Language Best Model Dev F1-micro Dev F1-macro Test F1-micro Test F1-macro
English L-F1 Vote 0.821 0.818 0.807 0.789
Spanish L-F1 Vote 0.813 0.809 0.820 0.817
Russian L-F1 Vote 0.880 0.880 0.883 0.879
Hindi L-F1 Vote 0.842 0.849 0.866 0.866
Marathi L-F1 Vote 0.943 0.947 0.856 0.864
Hausa L-F1 Vote 0.735 0.731 0.704 0.695
Swahili L-F1 Vote 0.440 0.409 0.430 0.386
Emakhuwa gpt-4o-mini 0.300 0.211 0.256 0.216

Average Performance of Each Model on Dev Set (Table)
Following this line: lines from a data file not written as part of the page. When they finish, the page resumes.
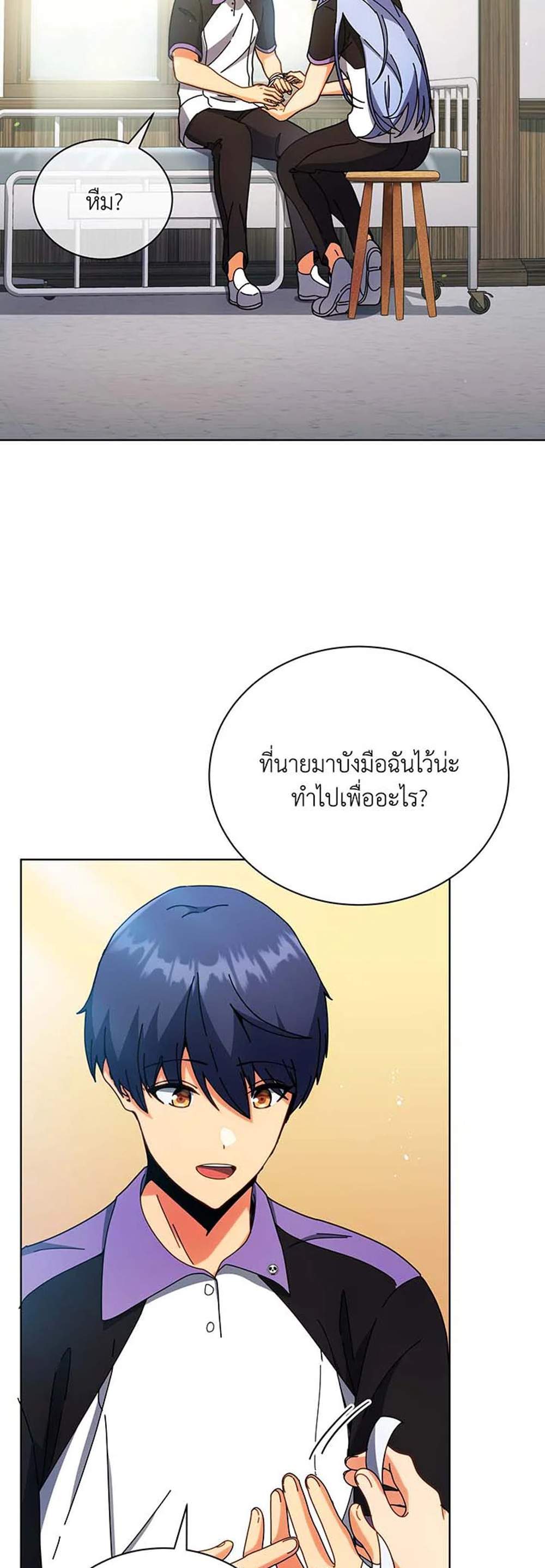 Necromancer Academy’s Genius Summoner แปลไทย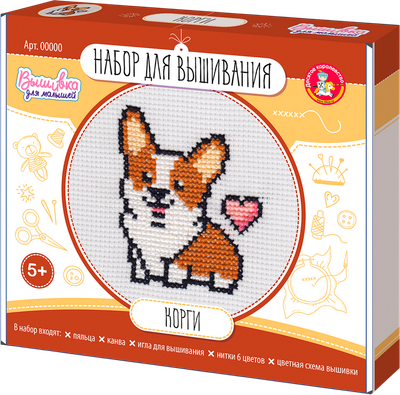 Набор для творчества Десятое королевство Вышивка Корги / 05368 - 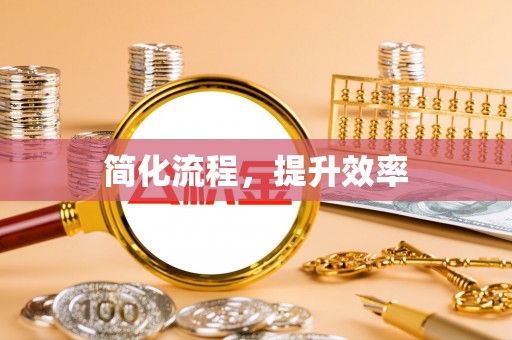 翠峦简化流程，提升效率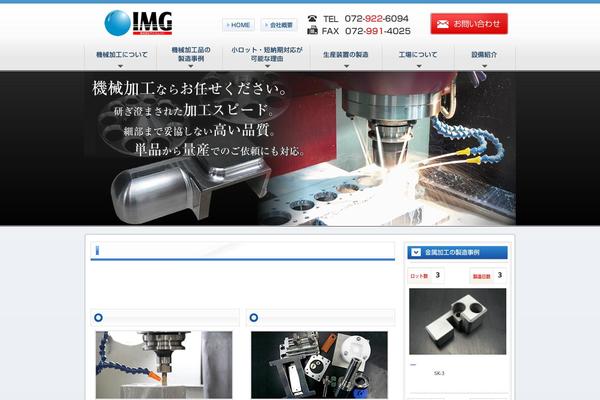 Img theme site design template sample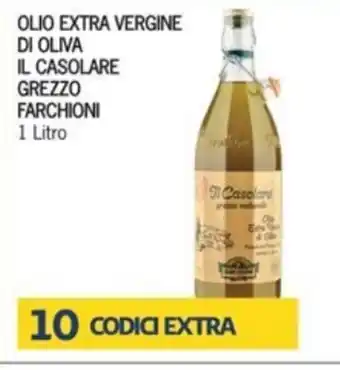 Iper Tosano OLIO EXTRA VERGINE DI OLIVA IL CASOLARE GREZZO FARCHIONI offerta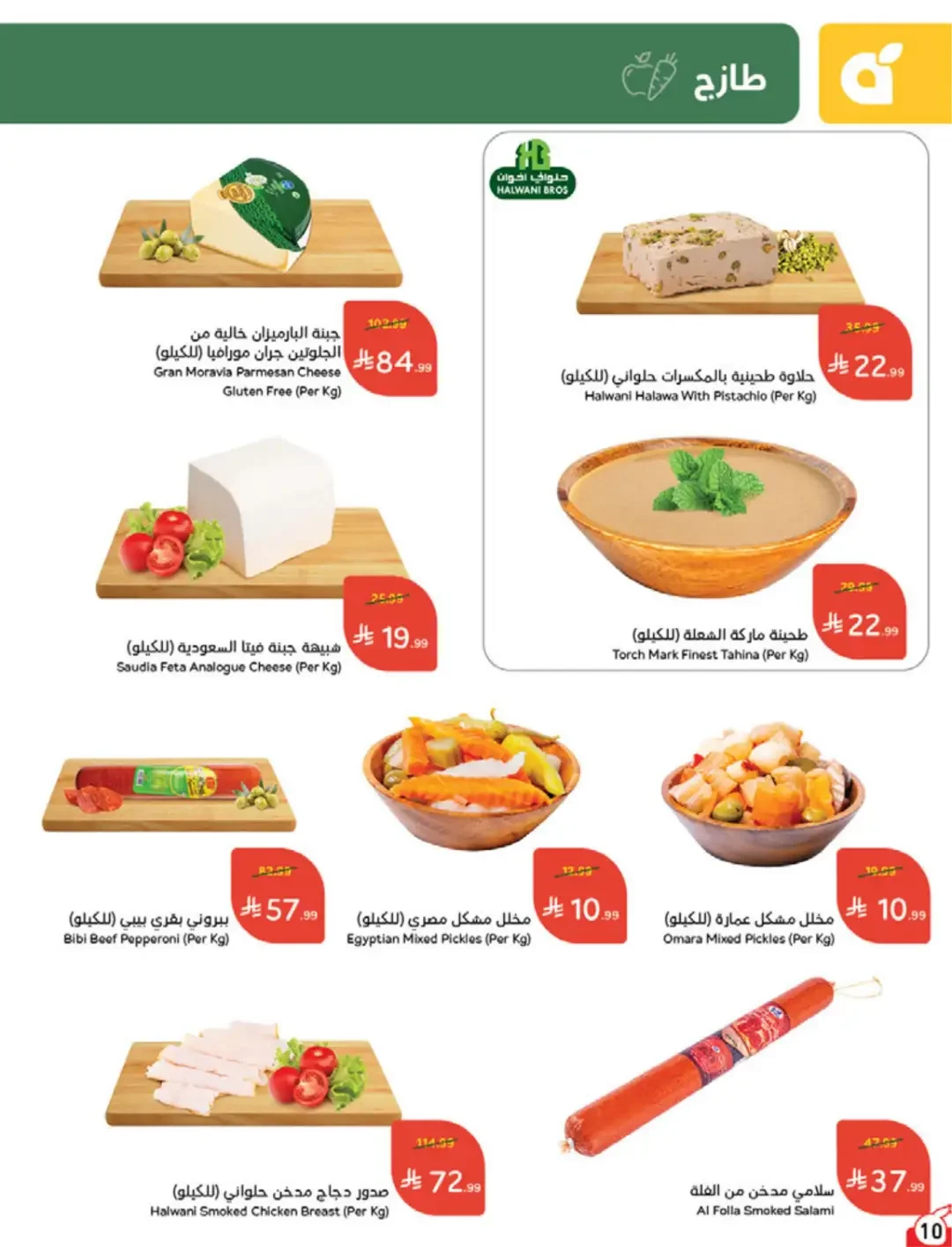 Panda | Weekly Offers & Discounts page 10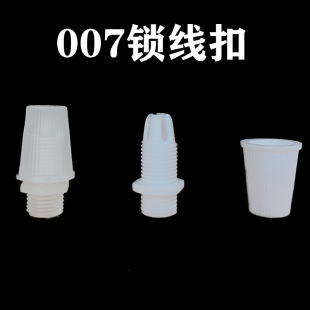 �͵���007�i����늾������̶���M10���������i��ñ������λ����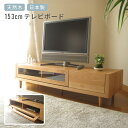 テレビボード おしゃれ 国産 日本製 アルダー 無垢 材 幅153センチ テレビ台 ローボード 完成品 ナチュラル 北欧 AVボード AV収納 AVラック TV...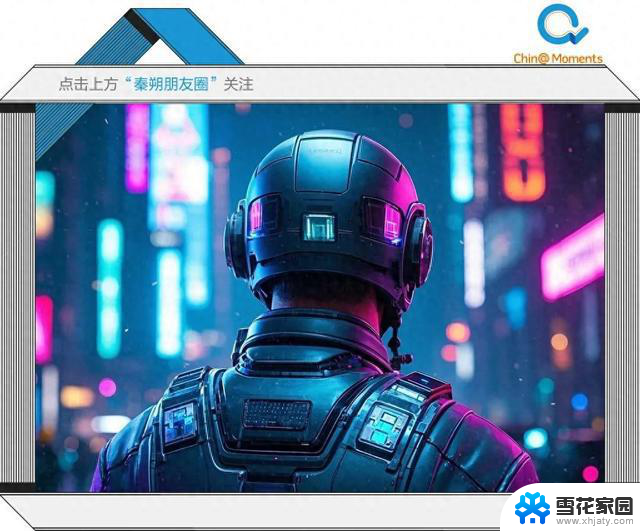 微软中国CTO韦青：AI时代，人类必须完成的5项生存任务2021最新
Model/Strategy F1-micro F1-macro
llama-3.1-70b 0.563 0.515
qwen2.5-70b 0.590 0.556
gpt-4o-mini 0.631 0.590
gpt-4o-mini + n-gram 0.641 0.601
gemma-2-27b 0.617 0.576
majority_vote 0.661 0.617
majority_vote_by_label_f1 0.678 0.634

Key Findings

  • Label-F1 Weighted Vote is the optimal aggregation strategy for the vast majority of languages (the best choice for 21 out of 28 languages).
  • High-resource languages perform well (Russian 0.883, Hindi 0.866), while performance on low-resource languages varies significantly (Emakhuwa is only 0.256, Tigrinya is 0.260).
  • The n-gram retriever is more effective for some low-resource languages (Oromo, Sundanese, Mandarin, and Kinyarwanda selected the n-gram configuration).
  • gpt-4o-mini performs best among single models (F1-micro 0.631), but the ensemble aggregation (0.678) significantly outperforms any single model.
  • English system prompts perform better than target-language prompts, possibly because LLMs have stronger English instruction-following capabilities.
  • Some languages show a large disparity between dev and test performance (German: dev 0.745 \(\rightarrow\) test 0.269; Brazilian Portuguese: dev 0.766 \(\rightarrow\) test 0.481), suggesting distribution shift issues.

Highlights & Insights

  • Zero-Training Paradigm: The RAG + LLM ensemble completely bypasses finetuning, making it attractive for resource-constrained scenarios.
  • Label-F1 Weighting Strategy is more fine-grained than simple majority voting or global weighting: different models perform optimally for different emotion labels.
  • The choice of n-gram vs. embedding retriever reveals distinct characteristics of low-resource vs. high-resource languages: the embedding quality of low-resource languages is poor, making surface-level feature matching potentially more reliable.
  • Strong complementarity among multiple LLMs: individual models excel on different languages.

Limitations & Future Work

  • Only covers 6 basic emotions plus neutral; finer-grained emotion classification was not tested.
  • Insufficient handling of highly imbalanced class distributions and significant distribution shifts (e.g., German, Portuguese).
  • The configuration of K values (30 vs. 100) is somewhat coarse, with no systematic hyperparameter search conducted.
  • High inference cost (4 large models + retrieval), making it unsuitable for low-latency scenarios.
  • No direct comparison with finetuning baselines, making it difficult to judge whether the RAG approach is truly superior to finetuning.
  • The limitations of traditional methods (finetuning Transformers + classification heads) on multilingual emotion tasks serve as the starting point of Ours.
  • The success of RAG in knowledge-intensive NLP tasks is extended to the field of emotion classification.
  • The BRIGHTER dataset covers emotion annotations for 28 languages for the first time, providing a foundation for multilingual emotion research.
  • This echoes LLM-based approaches to cross-lingual emotion detection, but Ours emphasizes practicality and scalability.

Rating

  • Novelty: 5/10 — The combination of RAG and LLM ensembles is an application of mature paradigms and lacks technological innovation.
  • Experimental Thoroughness: 7/10 — Comprehensive coverage of 28 languages, but lacks a comparison with finetuning baselines.
  • Writing Quality: 6/10 — The content is clearly organized but short, lacking in-depth analysis.
  • Value: 6/10 — As a SemEval system description paper, it demonstrates the feasibility of RAG in multilingual emotion analysis.